Let's check how we can use it to compare specific rows in DataFrame. We are going to compare row with index - 0 to row - 2:
df.loc[0].compare(df.loc[2])
The result is all values which has difference:
self | other | |
---|---|---|
col_1 | A | B |
col_2 | 1 | 2 |
col_3 | 0 | 1 |
col_4 | 3 | 4 |
col_5 | 1 | 3 |
Comparing the first two rows will give us only the differences:
self | other | |
---|---|---|
col_3 | 0 | 2 |
col_4 | 3 | 5 |
Step 2: Compare two rows with highlighting
To compare 2 rows while showing highlighted differences can be achieved with a custom function.
First we will select the rows for comparison and transpose the resulting DataFrame by df.loc[:1].T
. Then we will apply the function for comparison:
def highlight(d):
df = pd.DataFrame(columns=d.columns, index=d.index)
col1 = d.columns[0]
col2 = d.columns[1]
df[[col1, col2]] = 'background: None'
df.loc[d[col1].ne(d[col2]), [col1, col2]] = 'background: yellow'
return df
df.loc[:1].T.style.apply(highlight, axis=None)
the result is:
0 | 1 | |
---|---|---|
col_1 | A | A |
col_2 | 1 | 1 |
col_3 | 0 | 2 |
col_4 | 3 | 5 |
col_5 | 1 | 1 |
Step 3: Calculate the difference between rows
To calculate the difference between rows - row by row we can use the function - diff()

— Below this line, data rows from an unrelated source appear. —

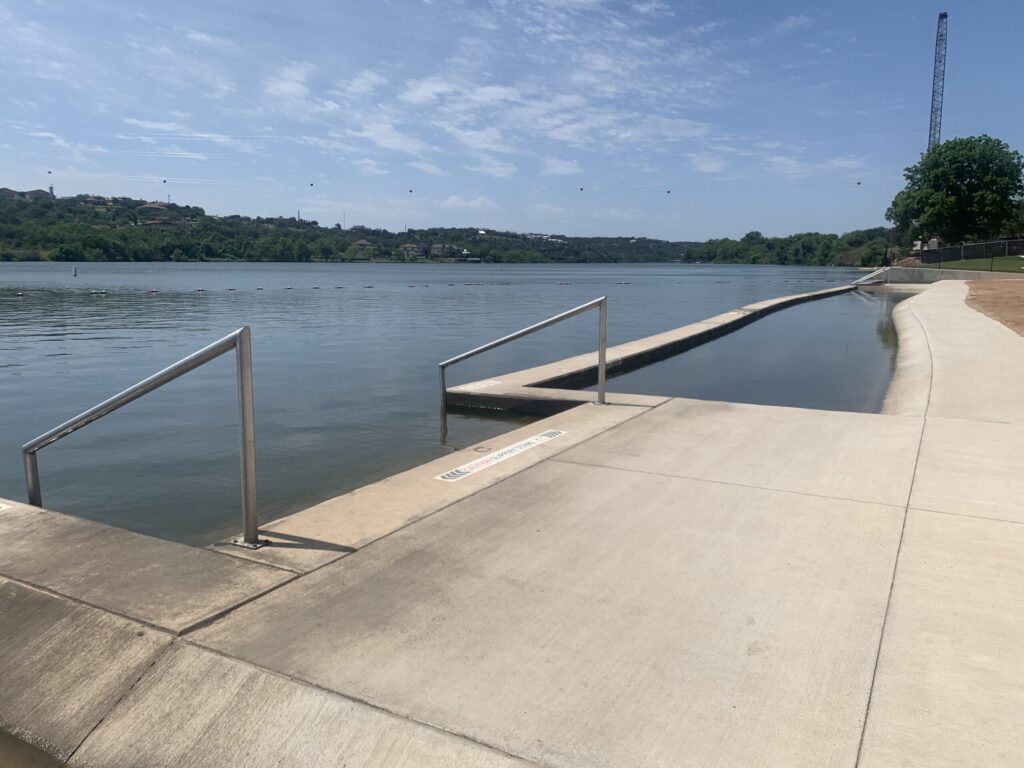 Marble Falls seeks solutions for algae-filled lakeside wading pools - Vimarsana News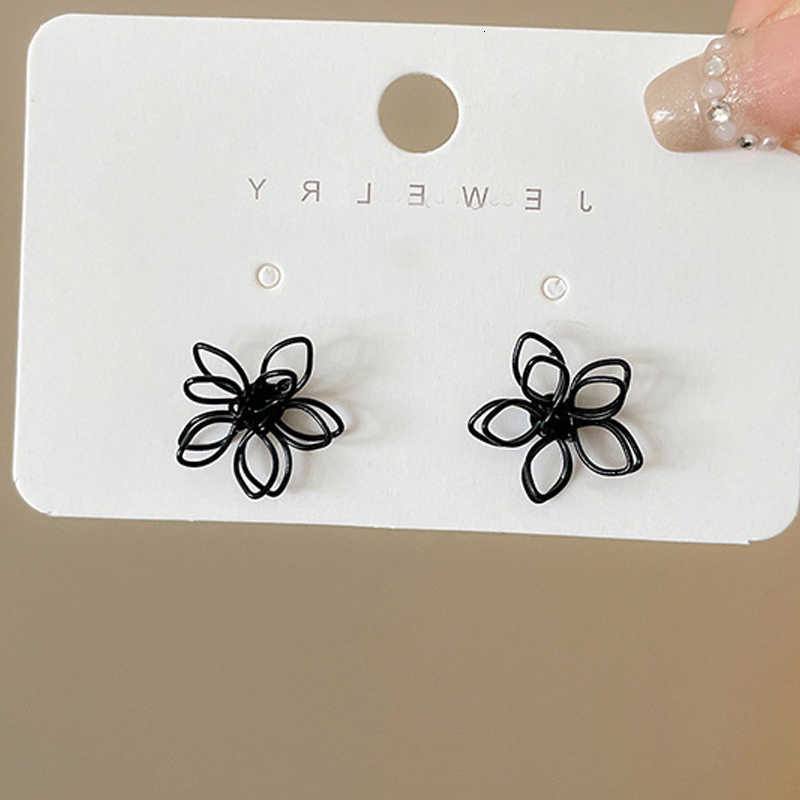 Metal 2025 New Hollow Out Flower Stud Earrings for Women Simple Golden Color Black Trendy Earrings Vintage Party Jewelry Gift M260623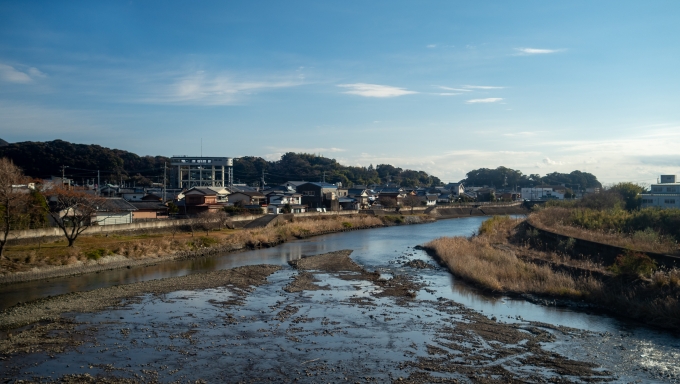鉄道乗車記録の写真:車窓・風景(12)        「土佐佐賀駅の手前で伊与木川を渡ると、この川に沿って列車は内陸のほうへ上っていきます。」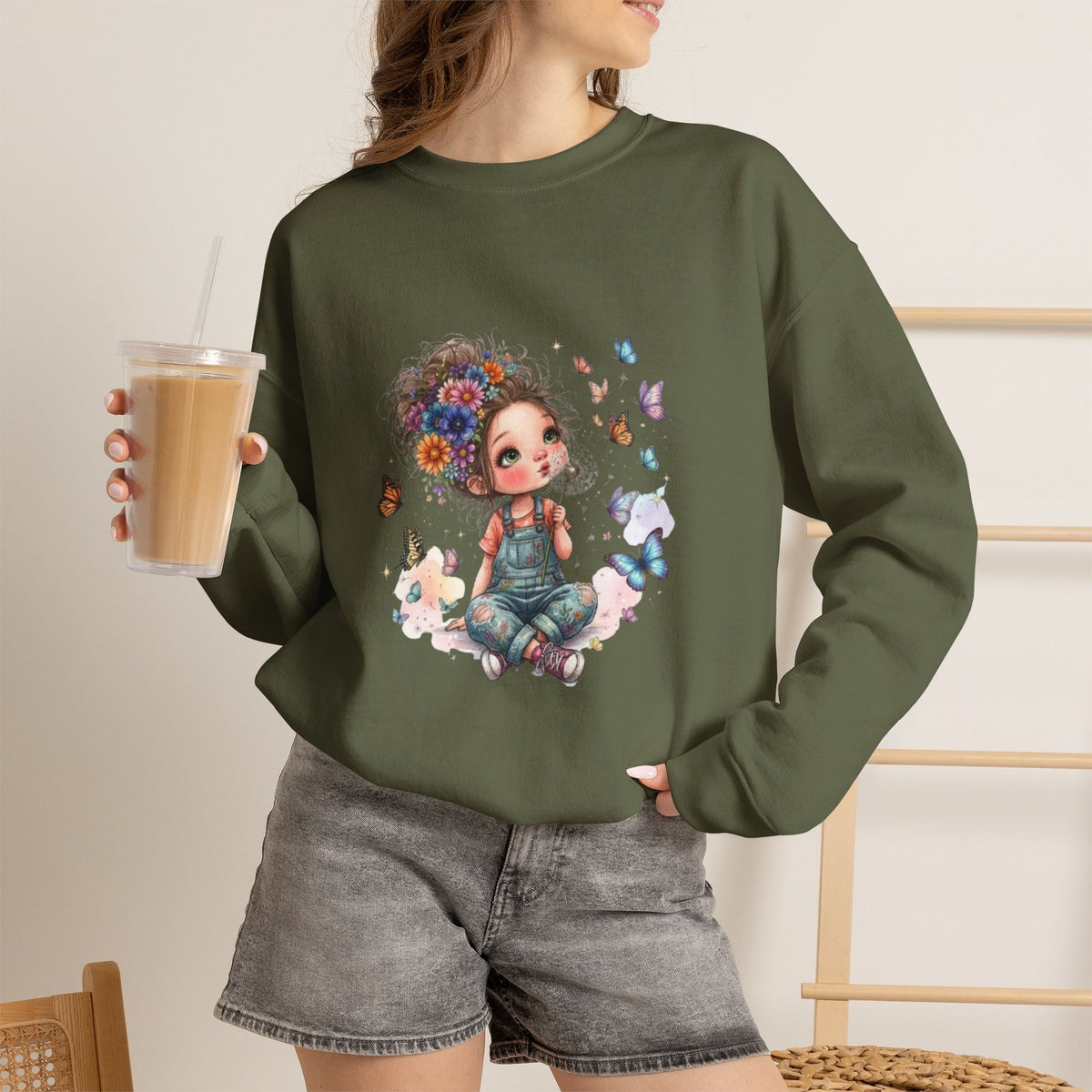 Sweatshirt mit Mädchen-Motiv, Blumen und Schmetterlingen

. To calculated difference for col_4
:
df['col_4'].diff()
the result would be difference calculated for each two rows:
0 NaN
1 2.0
2 -1.0
3 -4.0
4 1.0
Name: col_4, dtype: float64
Method diff()
has two useful parameters:
periods
- shift of periods for calculating differenceaxis
- rows or columns
If there are string values in some rows you may face the following error:
TypeError: unsupported operand type(s) for -: 'str' and 'str'
Step 4: Compare rows from different DataFrames
In order to compare rows from different DataFrames we can select them by index:
df2 = df.copy()
df.loc[0].compare(df2.loc[1])
Another option is to match rows on another column - let say unique column - url
. We can match the records by:
url_same = df1[df1.url.isin(df2.url)].url
Then we can select one by:
url = url_same[2]
Finally we can concatenated into single DataFrame as:
pd.concat([df1[df1.url == url], df2[df2.url == url]]).T
Finally we can transpose the result for readability. The full code:
url_same = df1[df1.url.isin(df2.url)].url
url = url_same[2]
df_c = pd.concat([df1[df1.url == url], df2[df2.url == url]]).T
Step 5: Finding the duplicate rows
We can find the duplicated rows in the whole DataFrame by command like:
df[['col_1', 'col_2']].duplicated()
Method duplicated()
returns boolean array for duplicate rows:
0 False
1 True
2 False
3 False
4 False
dtype: bool
or for the whole DataFrame. In this case we will get also the data:
df[df.duplicated()]
Empty DataFrame since there no duplicated rows on every column
Step 6: Finding the unique rows
To find all the unique rows we can use:
df.drop_duplicates()
or for subset of columns:
df[['col_1', 'col_2']].drop_duplicates()
result:
col_1 | col_2 | |
---|---|---|
0 | A | 1 |
2 | B | 2 |
3 | B | 3 |
4 | C | 4 |
Conclusion
In this article we show how to compare rows, compare rows with highlighting and extract the difference of two rows. We covered comparison of rows from different DataFrames and calculating the difference between rows for the whole DataFrame.